### Supplied information ###

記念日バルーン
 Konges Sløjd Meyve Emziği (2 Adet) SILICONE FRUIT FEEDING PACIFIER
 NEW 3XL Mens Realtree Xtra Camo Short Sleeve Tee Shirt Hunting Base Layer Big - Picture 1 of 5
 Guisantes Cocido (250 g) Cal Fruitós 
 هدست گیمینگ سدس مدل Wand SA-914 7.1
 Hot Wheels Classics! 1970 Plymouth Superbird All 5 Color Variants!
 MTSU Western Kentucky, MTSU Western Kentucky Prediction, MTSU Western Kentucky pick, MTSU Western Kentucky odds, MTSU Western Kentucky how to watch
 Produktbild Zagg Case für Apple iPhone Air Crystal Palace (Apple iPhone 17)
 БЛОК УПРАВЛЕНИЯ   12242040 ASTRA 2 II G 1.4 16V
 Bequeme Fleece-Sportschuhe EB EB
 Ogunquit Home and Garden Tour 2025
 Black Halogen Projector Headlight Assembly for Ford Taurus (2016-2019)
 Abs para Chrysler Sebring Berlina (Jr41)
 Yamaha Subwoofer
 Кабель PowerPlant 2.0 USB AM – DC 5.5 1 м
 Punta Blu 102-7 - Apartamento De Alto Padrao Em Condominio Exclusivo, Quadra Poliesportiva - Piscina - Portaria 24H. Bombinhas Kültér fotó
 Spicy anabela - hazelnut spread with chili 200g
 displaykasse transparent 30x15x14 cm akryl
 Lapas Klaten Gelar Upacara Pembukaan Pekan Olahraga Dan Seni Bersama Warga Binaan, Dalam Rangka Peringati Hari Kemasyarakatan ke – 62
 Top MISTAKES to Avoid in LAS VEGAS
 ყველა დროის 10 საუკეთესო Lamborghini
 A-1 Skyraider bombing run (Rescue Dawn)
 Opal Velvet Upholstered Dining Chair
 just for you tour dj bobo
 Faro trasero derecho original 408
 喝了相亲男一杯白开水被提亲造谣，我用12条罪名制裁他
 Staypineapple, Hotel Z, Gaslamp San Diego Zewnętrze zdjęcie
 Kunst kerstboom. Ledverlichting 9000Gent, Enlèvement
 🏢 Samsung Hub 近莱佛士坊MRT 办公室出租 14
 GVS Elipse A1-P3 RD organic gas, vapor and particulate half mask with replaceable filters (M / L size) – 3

###

**Task requirements**.
An exact copy of the material above is needed.

**Result of the task**.
記念日バルーン
 Konges Sløjd Meyve Emziği (2 Adet) SILICONE FRUIT FEEDING PACIFIER
 NEW 3XL Mens Realtree Xtra Camo Short Sleeve Tee Shirt Hunting Base Layer Big - Picture 1 of 5
 Guisantes Cocido (250 g) Cal Fruitós 
 هدست گیمینگ سدس مدل Wand SA-914 7.1
 Hot Wheels Classics! 1970 Plymouth Superbird All 5 Color Variants!
 MTSU Western Kentucky, MTSU Western Kentucky Prediction, MTSU Western Kentucky pick, MTSU Western Kentucky odds, MTSU Western Kentucky how to watch
 Produktbild Zagg Case für Apple iPhone Air Crystal Palace (Apple iPhone 17)
 БЛОК УПРАВЛЕНИЯ   12242040 ASTRA 2 II G 1.4 16V
 Bequeme Fleece-Sportschuhe EB EB
 Ogunquit Home and Garden Tour 2025
 Black Halogen Projector Headlight Assembly for Ford Taurus (2016-2019)
 Abs para Chrysler Sebring Berlina (Jr41)
 Yamaha Subwoofer
 Кабель PowerPlant 2.0 USB AM – DC 5.5 1 м
 Punta Blu 102-7 - Apartamento De Alto Padrao Em Condominio Exclusivo, Quadra Poliesportiva - Piscina - Portaria 24H. Bombinhas Kültér fotó
 Spicy anabela - hazelnut spread with chili 200g
 displaykasse transparent 30x15x14 cm akryl
 Lapas Klaten Gelar Upacara Pembukaan Pekan Olahraga Dan Seni Bersama Warga Binaan, Dalam Rangka Peringati Hari Kemasyarakatan ke – 62
 Top MISTAKES to Avoid in LAS VEGAS
 ყველა დროის 10 საუკეთესო Lamborghini
 A-1 Skyraider bombing run (Rescue Dawn)
 Opal Velvet Upholstered Dining Chair
 just for you tour dj bobo
 Faro trasero derecho original 408
 喝了相亲男一杯白开水被提亲造谣，我用12条罪名制裁他
 Staypineapple, Hotel Z, Gaslamp San Diego Zewnętrze zdjęcie
 Kunst kerstboom. Ledverlichting 9000Gent, Enlèvement
 🏢 Samsung Hub 近莱佛士坊MRT 办公室出租 14
 GVS Elipse A1-P3 RD organic gas, vapor and particulate half mask with replaceable filters (M / L size) – 3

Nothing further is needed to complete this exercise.